# WORK ITEM
Copy the lines below as they are; omit the images they contain.

# DATA PROVIDED
==*==

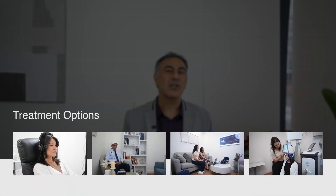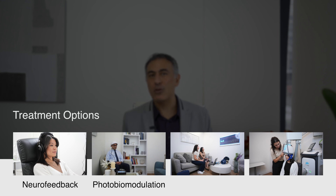One of the remarkable aspects of QEEG is its ability to assist in creating personalized treatment plans. By understanding an individual's unique brainwave patterns, healthcare professionals can tailor interventions such as neurofeedback, photobiomodulation, biofeedback, transcranial magnetic stimulation, or other treatments to address specific concerns.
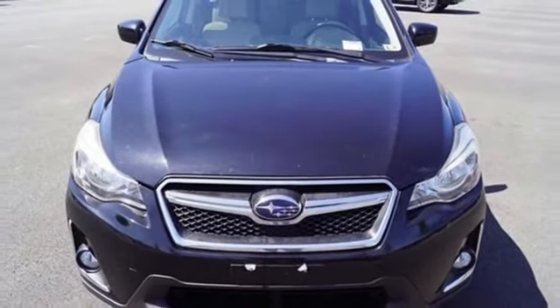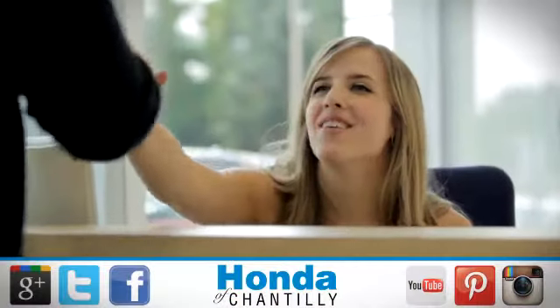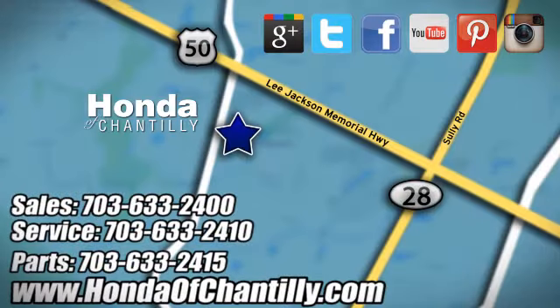See it for yourself when you take it for a test drive. Honda of Chantilly — we're conveniently located just south of Dulles Airport at 4175 Stonecroft Boulevard in Chantilly.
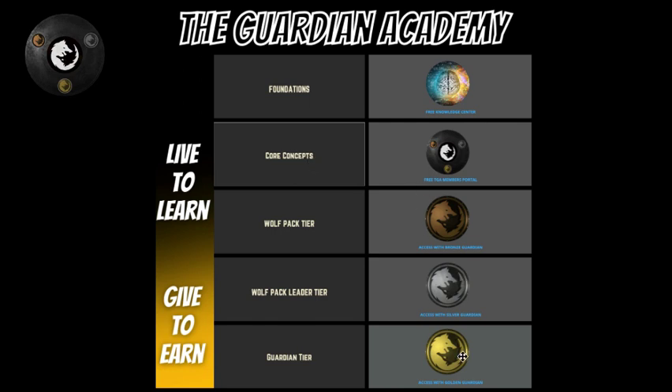Then we have our bronze, our silver, and our gold — also known as Wolfpack, Wolfpack Leader, and Guardian. Guardian has a new purple medallion, and there are some higher levels that you can reach through contribution. But for most people, we're just going to focus on bronze, silver, gold, and of course all the free stuff.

==*==

# REPLY TO THE TASK
One of the remarkable aspects of QEEG is its ability to assist in creating personalized treatment plans. By understanding an individual's unique brainwave patterns, healthcare professionals can tailor interventions such as neurofeedback, photobiomodulation, biofeedback, transcranial magnetic stimulation, or other treatments to address specific concerns.
See it for yourself when you take it for a test drive. Honda of Chantilly — we're conveniently located just south of Dulles Airport at 4175 Stonecroft Boulevard in Chantilly.
Then we have our bronze, our silver, and our gold — also known as Wolfpack, Wolfpack Leader, and Guardian. Guardian has a new purple medallion, and there are some higher levels that you can reach through contribution. But for most people, we're just going to focus on bronze, silver, gold, and of course all the free stuff.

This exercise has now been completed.